**Data under study**
= = = =

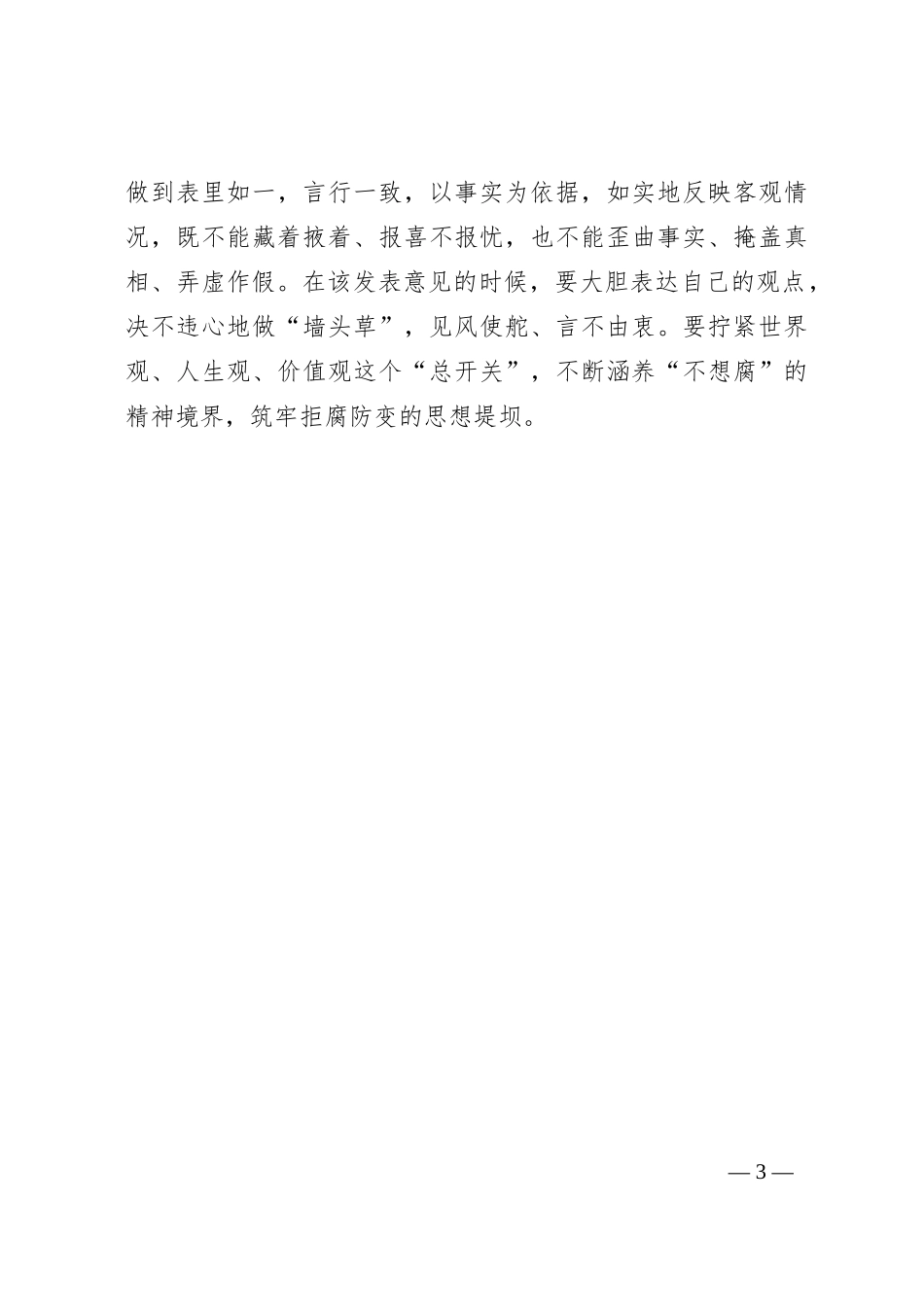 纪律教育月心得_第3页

= = = =

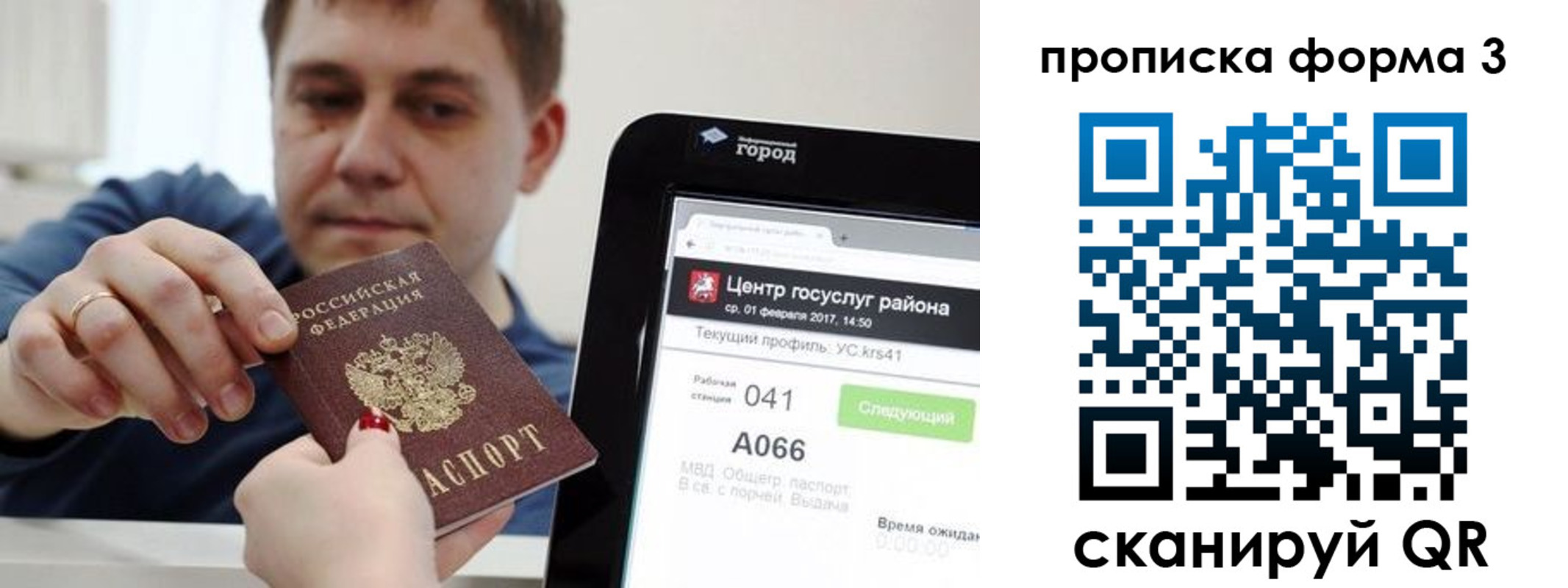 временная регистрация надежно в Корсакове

= = = =

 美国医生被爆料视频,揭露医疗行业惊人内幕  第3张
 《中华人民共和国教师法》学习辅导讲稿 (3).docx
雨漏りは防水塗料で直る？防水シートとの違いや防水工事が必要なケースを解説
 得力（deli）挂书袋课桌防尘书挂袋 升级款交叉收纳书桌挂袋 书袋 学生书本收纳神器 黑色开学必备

= = = =

**Your task**
Once the line with "雨漏りは防水塗料で直る？防水シートとの違いや防水工事が必要なケースを解説" is found in the records above, print exactly that line and every line after it through the line with "得力（deli）挂书袋课桌防尘书挂袋 升级款交叉收纳书桌挂袋 书袋".

**Written response**
雨漏りは防水塗料で直る？防水シートとの違いや防水工事が必要なケースを解説
 得力（deli）挂书袋课桌防尘书挂袋 升级款交叉收纳书桌挂袋 书袋 学生书本收纳神器 黑色开学必备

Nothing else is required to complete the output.